Mesmo após o profissional esclarecer que o contato com fontes é parte do processo de apuração jornalística, postagens insinuavam que o encontro levou a GloboNews a “reduzir drasticamente” os “ataques” ao senador Flávio Bolsonaro. O parlamentar é citado em investigações do MP-RJ sobre movimentações bancárias atípicas feitas por Fabrício Queiroz, um de seus assessores quando era deputado na Assembleia Legislativa fluminense.

Sem motivo específico
Há ainda ofensivas não motivadas diretamente por reportagens. Juca Kfouri, colunista da Folha de S.Paulo e do UOL, recebeu ameaças na caixa de comentários de seu blog. Em janeiro, Kfouri divulgou as ameaças e o autor delas. José Emílio Joly Júnior escrevia mensagens como “Um dia vou cruzar na sua frente e te encher de porrada na cara!” e “Sou ex-militar / (PELOPES - Pelotão de Operações Especiais), e consigo achar qualquer animal nem que seja no inferno!”. O jornalista denunciou o caso ao Ministério Público e à Delegacia de Crimes Cibernéticos.

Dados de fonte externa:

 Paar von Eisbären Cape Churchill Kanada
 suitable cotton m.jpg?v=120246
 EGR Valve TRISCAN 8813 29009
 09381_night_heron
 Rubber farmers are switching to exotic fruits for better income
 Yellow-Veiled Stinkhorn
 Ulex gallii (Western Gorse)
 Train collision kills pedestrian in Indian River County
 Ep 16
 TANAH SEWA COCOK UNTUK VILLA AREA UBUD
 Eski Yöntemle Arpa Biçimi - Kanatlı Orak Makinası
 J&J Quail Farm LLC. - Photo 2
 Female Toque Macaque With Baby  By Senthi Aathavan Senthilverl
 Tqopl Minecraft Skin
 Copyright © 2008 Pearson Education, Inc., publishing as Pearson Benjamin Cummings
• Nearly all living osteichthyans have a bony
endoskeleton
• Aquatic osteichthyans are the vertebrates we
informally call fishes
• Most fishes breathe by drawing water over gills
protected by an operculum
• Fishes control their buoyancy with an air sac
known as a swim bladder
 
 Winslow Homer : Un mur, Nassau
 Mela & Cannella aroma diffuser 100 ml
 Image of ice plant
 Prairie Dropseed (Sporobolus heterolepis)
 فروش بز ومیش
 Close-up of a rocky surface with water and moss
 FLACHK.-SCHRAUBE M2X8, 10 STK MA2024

Em um post de 30.jan.2019 no Twitter, Carlos Bolsonaro, outro dos filhos do presidente e vereador no Rio de Janeiro, pergunta a seus seguidores: “Alguém conhece esse tal de @cafecomkremlin que anda curtindo tweets em prol de lulla?”. O perfil é do jornalista Sandro Fernandes, brasileiro atualmente em Bruxelas. Foi a deixa para centenas de xingamentos - incluindo comentários homofóbicos - e ameaças ao profissional tomassem seu perfil. Uma das ameaças foi feita por Flavio Pacca, ex-candidato a deputado federal pelo PSC-RJ e instrutor de tiro da Polícia Civil do RJ.

Comentários depreciativos sobre a imprensa ou agressões verbais a jornalistas são frequentes na atividade on-line do vereador: 42% dos 273 tuítes publicados por Carlos Bolsonaro em janeiro de 2019 tiveram esse conteúdo.

Postagens questionando a qualidade do trabalho de jornalistas a partir de informações privadas e erradas circulam desde 5.fev.2019. O deputado federal Alexandre Frota (PSL-SP) reproduziu uma montagem que inclui a foto de uma jornalista homônima à repórter Marina Dias, da Folha. O post não está mais disponível on-line.

Outros profissionais são alvos costumeiros: cada postagem de Reinaldo Azevedo (BandNews FM/RedeTV!), Miriam Leitão (O Globo/CBN), Marcelo Lins (GloboNews), Monica Bergamo (Folha de S.Paulo) e Vera Magalhães (Jovem Pan) é seguida de centenas de comentários agressivos. No caso das jornalistas, o conteúdo de muitos é sexista.

“Jornalistas atuam na esfera pública e é normal que sejam objeto de crítica”, comentou o presidente da Abraji, Daniel Bramatti. “Mas muitos ataques têm claro objetivo de intimidar os profissionais e reduzir o impacto de informações publicadas por eles. Isso obviamente causa danos aos jornalistas, mas também à sociedade, já que um ambiente marcado pela intimidação não condiz com a liberdade de informar e ser informado. Em resumo, quando um jornalista fica acuado, quem mais perde é você.”

A Abraji lançou em 2018 uma cartilha com orientações para jornalistas que são vítimas de assédio virtual.

Notícia publicada originalmente em 7 de fevereiro de 2019 no site da Abraji.